Finishing Slaughterhouse Five left more unanswered question that answers. As I was approaching the end I expected to come up with a conclusion about the book, but as I passed the pages, the book proved itself more difficult. My main inquiry since the beginning was to know whether Billy Pilgrim and Kurt Vonnegut were the same person. In my previous Blog, “Behind a Crazy Man,” I mentioned some similarities between Kurt Vonnegut and Kilgore Trout, so now my inquiry was whether Billy, Vonnegut, and Trout were the same person.  Obviously the book didn´t state: “yes, they are the same people, “ or “no, they are completely different people,” but after reading specific parts of the book I concluded that they are not the same person, but Vonnegut built the two characters in reference to his own personality and past experiences. Kurt Vonnegut had a difficult life. His mother committed suicide when he was 22 years old, and he was recruited for the war at a very young age. These incidents may have made him a stronger person and to talk and describe death in a vague way, giving it no importance. The same happened to Billy, and in pg. 182 and 183 he described the death of his wife Veronica in event form and showed no feelings. Also the book is written in third person, but towards the end, in page 212 there´s a switch to first person: “No Billy and the rest were being marched into the ruins by their guards. I was there.” Vonnegut, as a writer described what Billy did after the Dresden bombing, but then he puts himself into the scene. Similarities between the three of them existed, but it will never be clear if Billy and Vonnegut were the same person.

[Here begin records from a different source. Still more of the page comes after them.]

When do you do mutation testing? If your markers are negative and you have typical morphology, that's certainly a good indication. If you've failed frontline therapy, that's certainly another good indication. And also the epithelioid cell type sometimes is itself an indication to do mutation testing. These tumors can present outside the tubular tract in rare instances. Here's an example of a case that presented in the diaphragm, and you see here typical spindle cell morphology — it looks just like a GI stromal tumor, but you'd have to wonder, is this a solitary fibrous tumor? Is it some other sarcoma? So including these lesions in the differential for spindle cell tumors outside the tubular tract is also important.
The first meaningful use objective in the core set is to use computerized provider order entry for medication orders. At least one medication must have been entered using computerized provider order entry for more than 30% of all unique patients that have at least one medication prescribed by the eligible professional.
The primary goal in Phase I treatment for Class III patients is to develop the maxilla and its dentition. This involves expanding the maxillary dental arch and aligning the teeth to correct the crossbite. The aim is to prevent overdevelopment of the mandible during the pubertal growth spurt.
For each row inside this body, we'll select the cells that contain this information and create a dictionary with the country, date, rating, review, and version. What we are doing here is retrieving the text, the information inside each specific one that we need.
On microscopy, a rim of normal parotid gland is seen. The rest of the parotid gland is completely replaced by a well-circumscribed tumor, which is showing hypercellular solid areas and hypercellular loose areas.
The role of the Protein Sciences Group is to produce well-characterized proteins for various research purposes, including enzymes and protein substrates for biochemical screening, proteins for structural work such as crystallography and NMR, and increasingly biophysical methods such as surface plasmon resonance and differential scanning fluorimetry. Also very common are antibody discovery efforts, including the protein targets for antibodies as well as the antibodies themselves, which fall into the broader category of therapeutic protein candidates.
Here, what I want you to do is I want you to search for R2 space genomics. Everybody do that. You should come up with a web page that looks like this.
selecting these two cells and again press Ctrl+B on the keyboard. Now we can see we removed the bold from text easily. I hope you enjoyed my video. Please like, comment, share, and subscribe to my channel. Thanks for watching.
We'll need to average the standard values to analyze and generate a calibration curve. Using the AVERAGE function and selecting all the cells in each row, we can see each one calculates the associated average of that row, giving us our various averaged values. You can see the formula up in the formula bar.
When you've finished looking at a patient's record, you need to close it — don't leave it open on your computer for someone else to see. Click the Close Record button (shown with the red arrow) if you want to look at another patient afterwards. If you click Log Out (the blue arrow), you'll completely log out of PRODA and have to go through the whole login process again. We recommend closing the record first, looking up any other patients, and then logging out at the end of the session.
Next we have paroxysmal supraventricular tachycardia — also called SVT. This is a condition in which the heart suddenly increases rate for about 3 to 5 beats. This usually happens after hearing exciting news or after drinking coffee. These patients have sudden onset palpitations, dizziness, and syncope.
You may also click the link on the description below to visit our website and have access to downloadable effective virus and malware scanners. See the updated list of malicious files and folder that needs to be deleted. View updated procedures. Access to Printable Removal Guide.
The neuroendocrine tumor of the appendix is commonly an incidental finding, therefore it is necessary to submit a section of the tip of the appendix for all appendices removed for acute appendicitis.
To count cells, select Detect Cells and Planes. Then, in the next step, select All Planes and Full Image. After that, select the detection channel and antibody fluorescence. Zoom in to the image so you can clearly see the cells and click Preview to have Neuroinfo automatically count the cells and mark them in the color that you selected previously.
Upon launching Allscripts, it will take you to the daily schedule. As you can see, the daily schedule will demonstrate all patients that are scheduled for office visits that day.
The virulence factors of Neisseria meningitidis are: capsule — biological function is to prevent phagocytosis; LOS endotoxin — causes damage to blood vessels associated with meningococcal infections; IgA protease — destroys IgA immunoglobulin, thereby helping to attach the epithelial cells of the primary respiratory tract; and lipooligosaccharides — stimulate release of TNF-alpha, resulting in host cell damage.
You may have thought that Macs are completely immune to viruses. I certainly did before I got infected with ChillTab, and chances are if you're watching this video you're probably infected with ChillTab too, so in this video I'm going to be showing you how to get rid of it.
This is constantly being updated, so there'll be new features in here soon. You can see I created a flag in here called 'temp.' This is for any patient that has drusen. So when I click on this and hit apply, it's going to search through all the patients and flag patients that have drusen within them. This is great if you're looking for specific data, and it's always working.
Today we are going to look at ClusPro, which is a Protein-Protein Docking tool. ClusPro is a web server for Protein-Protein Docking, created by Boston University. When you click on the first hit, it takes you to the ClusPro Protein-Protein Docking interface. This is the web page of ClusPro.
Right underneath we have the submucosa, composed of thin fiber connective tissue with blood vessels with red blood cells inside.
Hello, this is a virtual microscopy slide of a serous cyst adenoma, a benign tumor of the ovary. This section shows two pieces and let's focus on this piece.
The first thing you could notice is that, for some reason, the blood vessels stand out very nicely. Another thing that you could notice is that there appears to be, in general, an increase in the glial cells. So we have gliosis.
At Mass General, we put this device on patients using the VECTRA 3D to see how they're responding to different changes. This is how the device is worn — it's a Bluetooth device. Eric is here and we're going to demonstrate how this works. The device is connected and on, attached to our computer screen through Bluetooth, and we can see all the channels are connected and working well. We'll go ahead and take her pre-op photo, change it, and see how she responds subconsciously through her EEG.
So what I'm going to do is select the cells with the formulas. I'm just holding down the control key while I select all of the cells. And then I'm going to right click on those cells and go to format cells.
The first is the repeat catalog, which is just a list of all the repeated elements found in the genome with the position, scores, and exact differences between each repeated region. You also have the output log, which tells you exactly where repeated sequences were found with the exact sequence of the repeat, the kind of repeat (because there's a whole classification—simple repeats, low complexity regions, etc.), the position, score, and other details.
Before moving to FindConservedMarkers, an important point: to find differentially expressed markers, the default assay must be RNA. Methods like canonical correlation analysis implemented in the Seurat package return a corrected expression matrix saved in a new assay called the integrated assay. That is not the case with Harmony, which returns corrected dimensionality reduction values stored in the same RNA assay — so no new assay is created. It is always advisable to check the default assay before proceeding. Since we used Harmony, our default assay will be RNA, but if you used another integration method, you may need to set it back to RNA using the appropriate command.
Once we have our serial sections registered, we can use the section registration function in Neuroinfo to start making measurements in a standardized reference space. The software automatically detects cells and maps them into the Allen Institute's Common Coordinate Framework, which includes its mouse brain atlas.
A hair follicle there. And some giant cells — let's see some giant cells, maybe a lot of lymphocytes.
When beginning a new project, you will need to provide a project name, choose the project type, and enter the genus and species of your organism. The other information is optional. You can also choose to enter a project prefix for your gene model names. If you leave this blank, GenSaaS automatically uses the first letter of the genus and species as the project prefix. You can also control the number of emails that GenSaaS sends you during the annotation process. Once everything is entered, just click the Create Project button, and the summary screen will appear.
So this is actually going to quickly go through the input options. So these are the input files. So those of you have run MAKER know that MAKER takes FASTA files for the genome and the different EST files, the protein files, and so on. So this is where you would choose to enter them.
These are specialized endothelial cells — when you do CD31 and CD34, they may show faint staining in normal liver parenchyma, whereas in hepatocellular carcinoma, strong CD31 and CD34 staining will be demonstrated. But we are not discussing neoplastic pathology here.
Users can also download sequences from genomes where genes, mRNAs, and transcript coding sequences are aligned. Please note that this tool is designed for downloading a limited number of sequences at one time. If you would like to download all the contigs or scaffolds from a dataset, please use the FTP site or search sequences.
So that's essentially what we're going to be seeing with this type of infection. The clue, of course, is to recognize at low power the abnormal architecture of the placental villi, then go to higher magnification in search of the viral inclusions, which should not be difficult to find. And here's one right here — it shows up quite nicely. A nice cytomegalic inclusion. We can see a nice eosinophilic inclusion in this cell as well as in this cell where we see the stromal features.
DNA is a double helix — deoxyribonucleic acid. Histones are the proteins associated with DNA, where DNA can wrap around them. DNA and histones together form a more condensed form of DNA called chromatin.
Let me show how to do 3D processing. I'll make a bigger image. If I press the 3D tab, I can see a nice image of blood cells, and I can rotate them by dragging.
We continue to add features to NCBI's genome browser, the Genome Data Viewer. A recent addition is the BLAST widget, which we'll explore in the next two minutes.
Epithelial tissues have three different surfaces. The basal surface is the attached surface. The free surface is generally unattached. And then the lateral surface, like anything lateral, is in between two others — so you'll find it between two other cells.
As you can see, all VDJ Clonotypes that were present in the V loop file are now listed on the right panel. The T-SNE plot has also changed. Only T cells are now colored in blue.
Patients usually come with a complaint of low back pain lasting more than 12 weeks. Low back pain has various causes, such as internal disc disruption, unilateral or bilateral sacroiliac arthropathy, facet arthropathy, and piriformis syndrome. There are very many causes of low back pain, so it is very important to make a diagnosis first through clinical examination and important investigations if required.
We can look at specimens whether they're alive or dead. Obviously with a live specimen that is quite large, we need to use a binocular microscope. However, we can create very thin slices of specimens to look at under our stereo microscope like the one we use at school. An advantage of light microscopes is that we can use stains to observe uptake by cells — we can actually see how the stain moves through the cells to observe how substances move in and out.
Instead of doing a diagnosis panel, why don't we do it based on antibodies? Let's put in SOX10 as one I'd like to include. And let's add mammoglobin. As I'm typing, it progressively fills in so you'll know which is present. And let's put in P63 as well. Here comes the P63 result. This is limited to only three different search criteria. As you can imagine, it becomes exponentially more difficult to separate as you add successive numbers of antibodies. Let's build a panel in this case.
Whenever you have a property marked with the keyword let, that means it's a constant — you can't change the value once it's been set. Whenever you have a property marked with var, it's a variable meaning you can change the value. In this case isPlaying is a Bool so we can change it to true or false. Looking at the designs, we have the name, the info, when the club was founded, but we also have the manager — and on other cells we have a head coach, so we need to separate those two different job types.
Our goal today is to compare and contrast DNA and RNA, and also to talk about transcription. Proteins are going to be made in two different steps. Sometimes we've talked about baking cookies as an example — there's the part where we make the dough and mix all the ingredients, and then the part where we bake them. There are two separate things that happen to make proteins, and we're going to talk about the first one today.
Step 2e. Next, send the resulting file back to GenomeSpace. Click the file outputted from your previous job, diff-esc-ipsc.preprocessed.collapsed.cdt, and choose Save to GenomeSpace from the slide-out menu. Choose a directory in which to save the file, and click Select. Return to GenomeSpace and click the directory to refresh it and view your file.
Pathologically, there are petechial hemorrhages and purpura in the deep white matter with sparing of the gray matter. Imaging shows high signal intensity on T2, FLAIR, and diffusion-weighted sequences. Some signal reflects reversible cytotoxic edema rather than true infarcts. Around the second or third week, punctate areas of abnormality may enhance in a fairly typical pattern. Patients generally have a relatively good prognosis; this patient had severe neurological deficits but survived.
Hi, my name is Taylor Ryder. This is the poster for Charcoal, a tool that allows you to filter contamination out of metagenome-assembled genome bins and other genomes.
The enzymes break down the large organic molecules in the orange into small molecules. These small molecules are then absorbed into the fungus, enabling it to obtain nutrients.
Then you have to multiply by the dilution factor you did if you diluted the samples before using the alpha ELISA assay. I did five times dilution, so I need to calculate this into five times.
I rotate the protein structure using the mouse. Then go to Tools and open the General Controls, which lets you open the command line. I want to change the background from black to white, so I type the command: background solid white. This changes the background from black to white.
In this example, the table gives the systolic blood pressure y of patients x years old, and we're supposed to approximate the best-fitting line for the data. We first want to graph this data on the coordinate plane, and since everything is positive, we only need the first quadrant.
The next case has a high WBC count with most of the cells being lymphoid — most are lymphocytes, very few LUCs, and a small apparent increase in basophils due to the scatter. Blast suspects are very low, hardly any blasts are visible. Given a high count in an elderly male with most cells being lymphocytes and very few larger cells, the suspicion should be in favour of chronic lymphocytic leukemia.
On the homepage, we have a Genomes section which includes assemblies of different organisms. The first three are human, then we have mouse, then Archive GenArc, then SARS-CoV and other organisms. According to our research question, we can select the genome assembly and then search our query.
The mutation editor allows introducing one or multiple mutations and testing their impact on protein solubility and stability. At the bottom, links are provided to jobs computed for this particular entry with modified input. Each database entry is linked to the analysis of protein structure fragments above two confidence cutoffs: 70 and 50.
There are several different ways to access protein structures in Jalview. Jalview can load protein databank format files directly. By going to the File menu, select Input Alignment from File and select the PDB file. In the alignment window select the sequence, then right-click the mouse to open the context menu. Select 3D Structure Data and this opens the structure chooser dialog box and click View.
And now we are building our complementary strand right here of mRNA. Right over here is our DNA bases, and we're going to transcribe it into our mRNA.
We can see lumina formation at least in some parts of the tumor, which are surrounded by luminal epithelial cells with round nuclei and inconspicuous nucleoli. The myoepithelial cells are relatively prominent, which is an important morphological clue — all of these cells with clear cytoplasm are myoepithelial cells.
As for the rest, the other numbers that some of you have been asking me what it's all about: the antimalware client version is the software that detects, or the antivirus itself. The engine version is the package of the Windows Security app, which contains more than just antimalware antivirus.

There were parts of the book that I wanted to stop reading, but I had to, I wanted to know how it ended and what it taught. Since chapter one I knew how the book was going to end: “Poo-tee-weet,” but what did this bird´s song meant. In the class discussion we concluded that it meant that war left nothing. After wars and bombings all that is left is the cry of a bird, nothing about war is worth it and it will lead to nothing. But what did this war mean for Billy and Vonnegut. “His companions had insisted that he arm himself, since God only knew what sorts of killers might be in burrows in the face of the moon…soldiers who would never quit killing until they themselves were killed. “ War only leaves war. The winner will fade and be forgotten in a short period of time, but the feeling of revenge will never fade. “That was one of the things about the end of war: absolutely anybody who wanted a weapon could have one.” The weak will loose and the strong will win, but some one will always come in to take those places, war is a cycle that will never stop. And at the end of each cycle, before that start of a new one, all that is left in “Poo-tee-weet” (pg. 215) and “so it goes.”